Ce projet qualité appliqué au service public, qui est une ambition, doit trouver les outils de cette ambition.
Aujourd'hui, il n'y en a pas assez.
Les certifications qualité de politiques publiques sont insuffisantes.
La modélisation de ce que pourrait être la qualité d'une politique publique, ce travail là doit être fait parce que c'est un outil, qui peut permettre à terme, c'est un travail qui sera long, de resituer vis à vis des usagers l'intensité des efforts que la puissance publique fait, a décidé de faire pour s'adapter.
Cet effort, il est engagé. Encore une fois, les travaux du SGMAP en attestent et la volonté du gouvernement dans les semaines qui viennent de prendre des décisions assez puissantes est engagée.
Elle est engagée sur fond de défiance.
Elle demande donc des outils méthodologiques.
Elle demande donc une volonté farouche, elle existe.
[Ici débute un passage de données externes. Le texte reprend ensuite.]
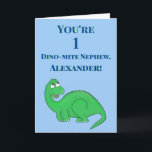 Cute Blue Nephew Son Boy 1st Birthday Dinosaur Kort<br><div class="desc">Anpassa det här första födelsekortet till din brorson,  son eller älskade lilla pojke!  Perfekt för Moster och Uncles,  Mammor och Pappa,  eller någon som tittar för perfekten vill önska sin speciella pojke en mycket lycklig första födelsedag!</div>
Et elle demande aussi, et c'est ce qui sera finalement le plus difficile pour la puissance publique - mais je suis sûr qu'elle arrivera à trouver le chemin qui lui permet d'y arriver- elle demande de l'humilité c'est-à-dire la capacité finalement d'être interrogée par ceux envers qui sont destinées les politiques publiques pour continuer à s'améliorer ce qui est un chemin jamais achevé.